Jeffrey Clark, consultant on development and humanitarian assistance issues, is affiliated with the United States Committee for Refugees. He previously directed an African food security program at the Carter Presidential Center and served as a senior professional staff member for the House Select Committee on Hunger.

Famine: A Collective International Failure

THE DRAMA of large-scale military intervention and the media's fixation on looters and "warlords" now threaten to obscure the fact that, prior to late 1992, the international response to Somalia's long agony was indeed abject failure. Inadequate and halfhearted multilateral measures contributed significantly to the very circumstances of anarchy, violence and starvation now being addressed-by necessity-by 31,000 U.S. Marines and combined international military forces.
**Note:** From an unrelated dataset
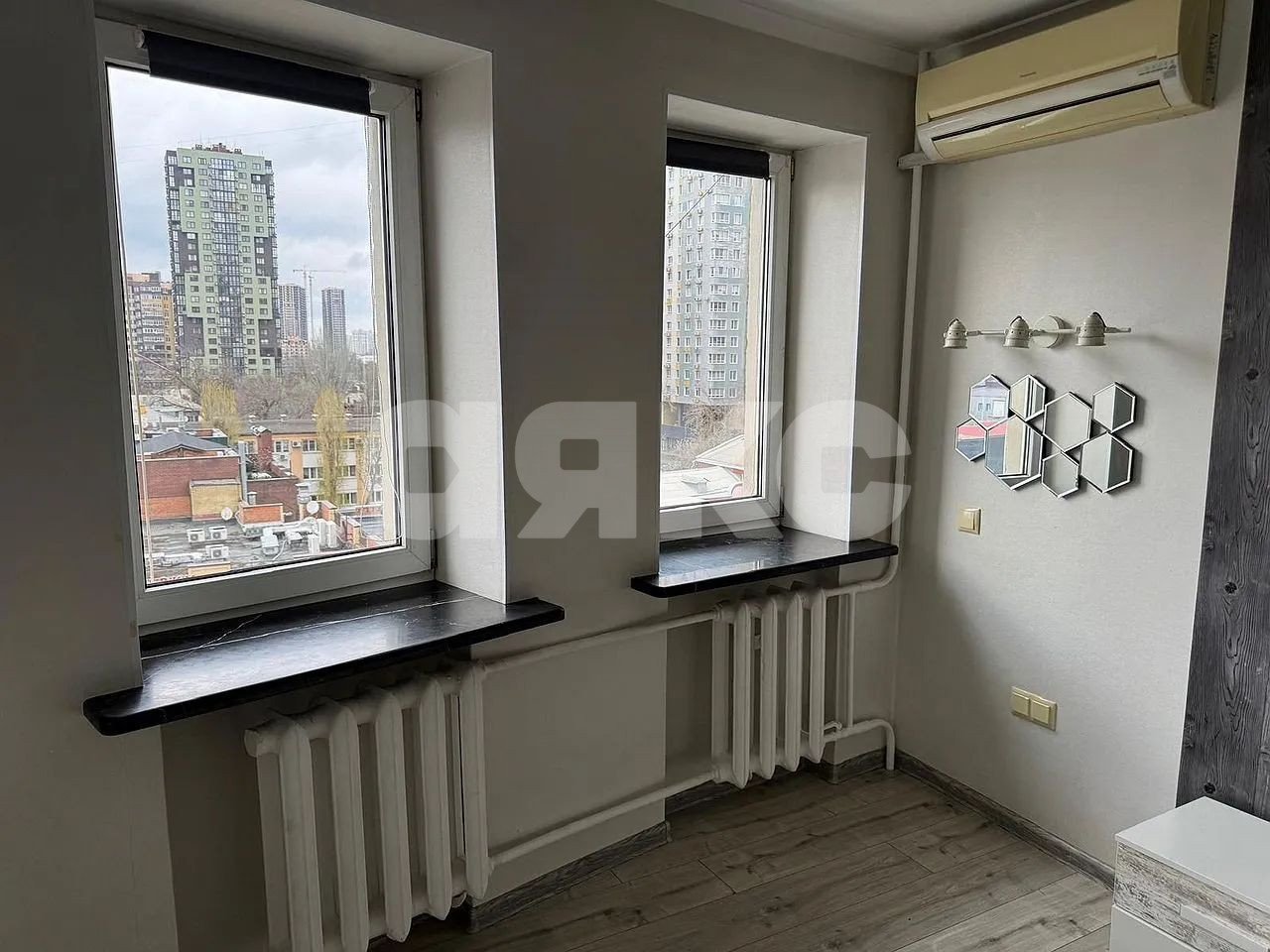 Фото №11: 3-комнатная квартира 88 м² - Ростов-на-Дону, Кировский, ул. Красноармейская, 224/92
Operation Restore Hope is likely to prevent marauding bandits from stealing relief supplies and to be viewed, in the near term at least, as a successful demonstration of the American commitment to humanitarian principles-at acceptable risk and cost. But worst of all the intervention exposes the acute dangers inherent in the collective failure to restructure international humanitarian assistance policies and multilateral relief and political organizations to meet the realities of the post-Cold War world.

Neither the operational responses of U.N. relief agencies nor the conflict-mediation efforts of U.N. diplomats were undertaken with visible professionalism. Various U.N. officials and others exaggerated security concerns early in the Somali crisis in order to excuse their own scant presence and deeply flawed performance, factors which in turn contributed to real levels of violence by mid-1992. Until shamed into action by U.N. Secretary General Boutros Boutros-Ghali, the Security Council's early response to indicators of Somalia's approaching tragedy was virtual inertia, and Washington's own initial stance was strangely passive when contrasted with the sudden and forceful U.S. measures taken by year's end.
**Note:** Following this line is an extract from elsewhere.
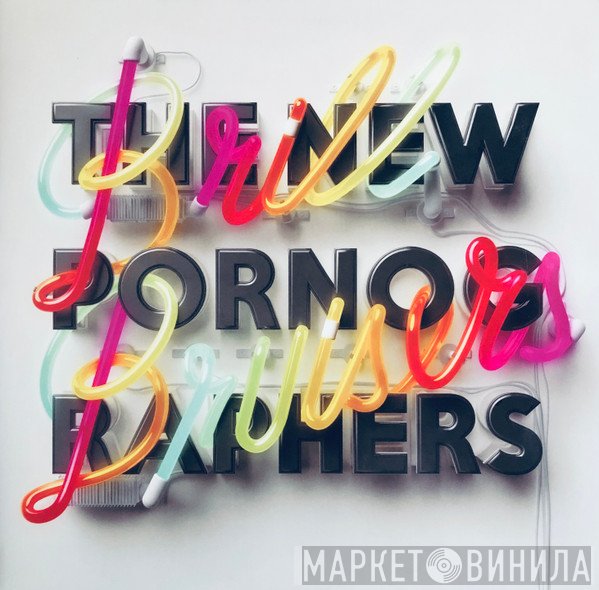 The New Pornographers - Brill Bruisers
The unvarnished history of the U.N. role in Somalia is one of tragic missed opportunities and strategic and operational blunders not justified by the situation's realities. Donor and African governments did little better. Nearly 350,000 Somalis have already died, and starvation has ravaged 75 percent of children under five years of age in the country's most afflicted regions-amounting to the loss of a generation. Such harsh realities demand stern and sober judgments of accountability and the candid appraisal of international systems in need of drastic renovation.